Two more Sarah Palin books are coming out. “The Persecution of Sarah Palin” blames the media elite for Palin’s problems. “Sarah From Alaska” is sympathetic to the challenge Palin faced but argues that her lack of preparation contributed to her poor interview and debate performances. But neither book fully explains why Palin causes such derangement in many of her supporters and critics, a Washington Post book review argued.
In his Oct. 28 column, Cal Thomas compared the Obama administration’s complaints about Fox News to “dictators who desire control over the flow of information in order to enhance their power.” So, asked Jon Stewart of “The Daily Show,” does that mean Thomas also objected when the Bush administration leveled similar complaints last year about MSNBC? No. Thomas groused in May 2008 that the Bush administration waited until its last year in office to criticize media coverage. “They should have taken on the media a lot sooner,” Thomas said.

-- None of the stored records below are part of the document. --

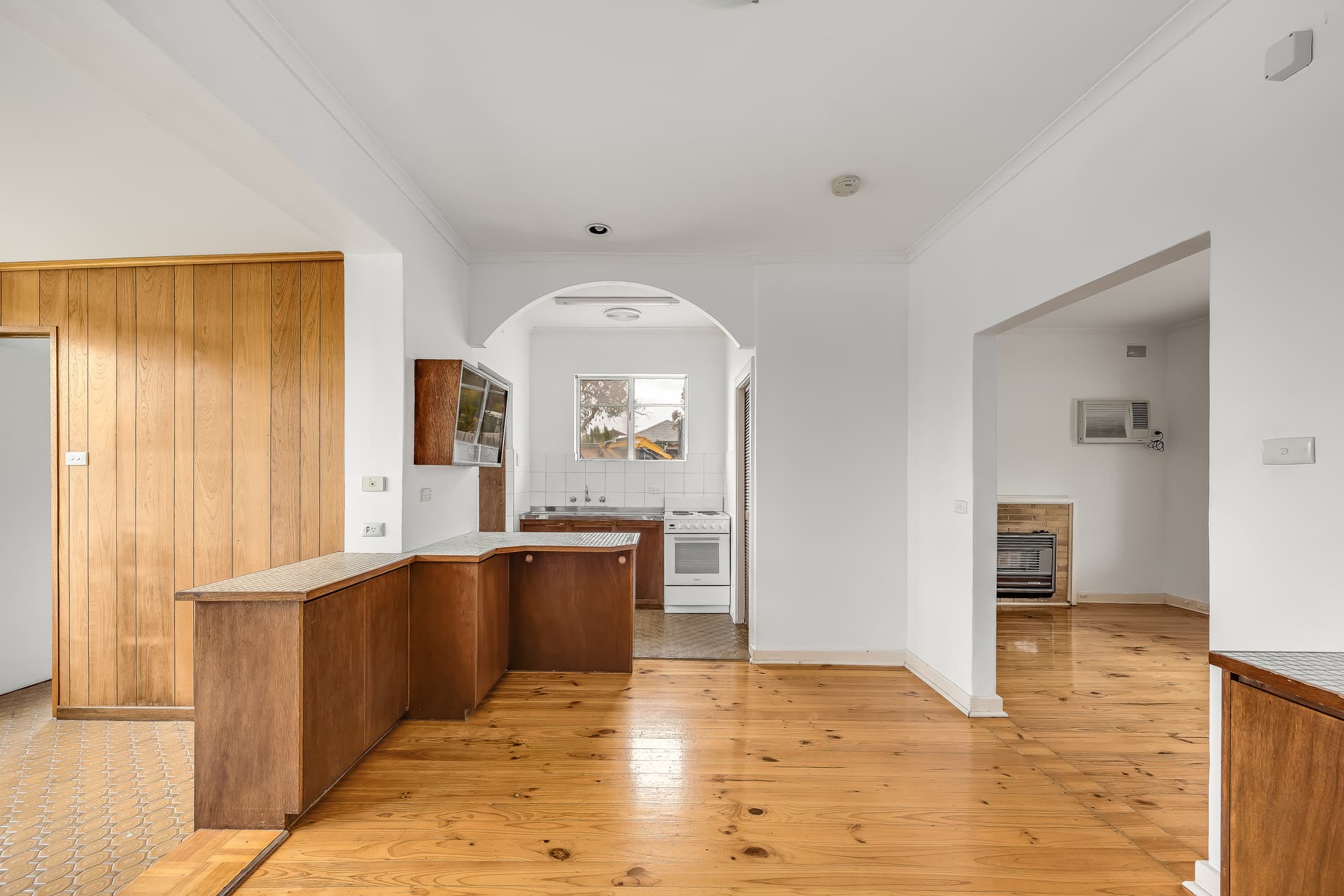 34 Truscott Avenue, Seacombe Heights - Thumbnail 8
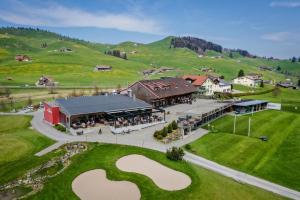 GontenSwiss Mountain Golf-Restaurant Gonten的草坪上大心楼空中景色
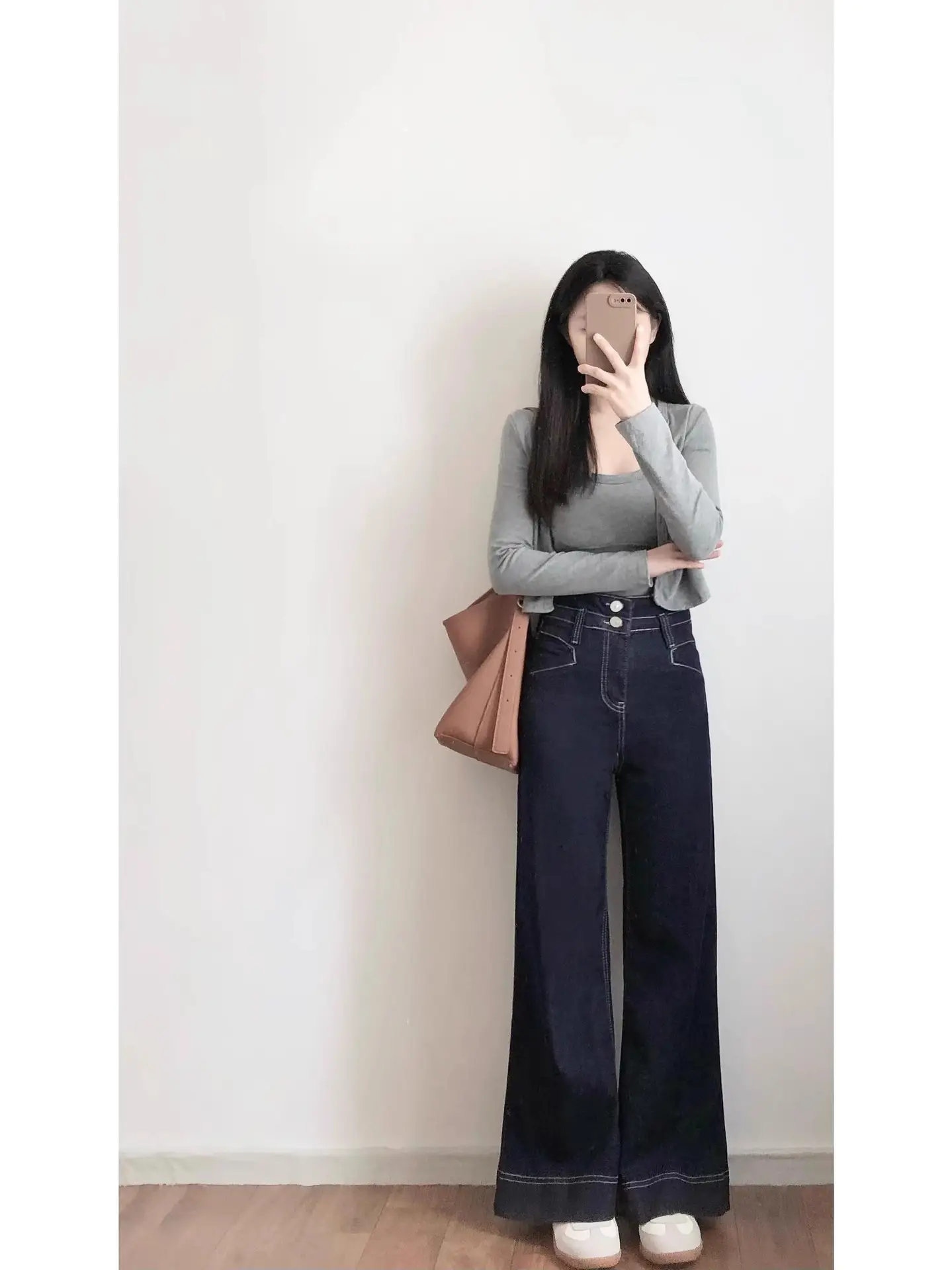 Women High Waist Slimming Jeans Dark Blue Loose Flare — feature 3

An article in the Sunday Eagle about the strong competitive challenge that Brazil’s Embraer poses to Wichita’s planemakers brought to mind one frustration of flying certain routes in and out of Wichita Mid-Continent Airport: The American Airlines flights operated by American Eagle (to Chicago) and Chautauqua & Trans States (to St. Louis) and the Continental Express flights operated by ExpressJet Airlines (to Houston) all use Embraer regional jets. The flights and equipment help support Mid-Continent service, but it always feels wrong to be leaving or returning to the Air Capital of the World on a plane with no local ties. At least, as the article noted, Wichita planemakers also sell planes to buyers in Brazil.
Some parents understandably aren’t comforted or satisfied by the efforts of day care employees to keep Margaret E. Walker (in photo) from driving, because their children still ended up riding in a van driven by someone who was legally drunk, according to a police report. But the employees of Creative Connections Learning Center deserve credit for calling 911, particularly when they knew that doing so meant they would lose their jobs. “I knew once I call, we’re done,” teacher Lindsey White told The Eagle. The employees also called police and confronted their boss before she left, told her not to drive and attempted to take away the van keys, according to White.